A picture would help.


----------



## JohnF (Feb 11, 2006)

Goldschmied said:


> Hi Henry,
> 
> I would appreciate any help you could provide and would glorify you in song and legend if you could help me out.


Hi -

First of all, welcome to WUS! I am sure that many here will be fascinated what you can tell them about casing and the like from a jeweler's perspective! Hope we can help you out here as well.

Second: I am going to shamelessly steal that line. One of the better ones around... 

JohnF

PS: We looooooove pictures. Pictures make us smile, enlighten us and allow us to glimpse things far away and never before seen. And that's just watches...;-)


----------



## Goldschmied (Oct 21, 2008)

Sorry about not posting a picture, but I wanted to see what the response would be prior to utilizing band width that could have been better used for pictures of complicated watches, tourbillons, or some other rare and pornographic piece of mechanical genius.

I just found that if I'm going to be posting pictures here, I'm going to have to upgrade my digital camera and get some new photo flood lights. Hope the picture is adequate for the purpose.
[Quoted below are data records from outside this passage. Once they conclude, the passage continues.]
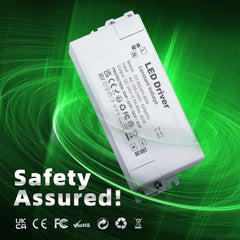 IP44 waterproof LED driver

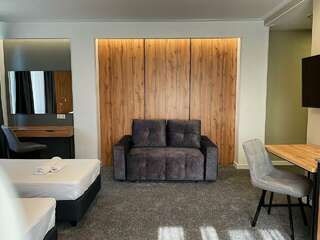 Гостиница Италмас Ижевск Улучшенный Бизнес-класс "Семейный"-3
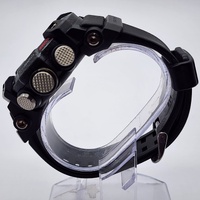 Casio G-Shock GG-B100 Carbon Mudmaster Mens Tough Outdoor Watch 200m WR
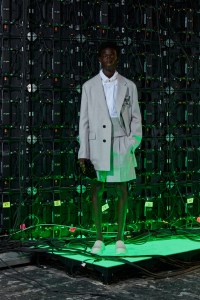 Wooyoungmi Men’s Spring 2022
Always happy to share any knowledge of goldsmithing that will help you. Again, working on cases and bands, particularly karat gold is no problem for me. Making cases is possible, but my experience in Germany taught me that I'd probably need some specialized tools for the necessary tolerances for fitting the movement. One of the shops I worked at put out some cast sterling cases and we'd make use of a large burr in a drill press to get the case to accommodate the movement. On the other hand, I could probably use my Unimat for that purpose if necessary.

Any of you are welcome to use any of my prose for any purpose whatsoever and you don't even have to cite the quotation.

Thanks in advance for any help you can provide. It's a pleasure being in the company of a crew with such an extraordinarily high level of precise mechanical skill.

Neal


----------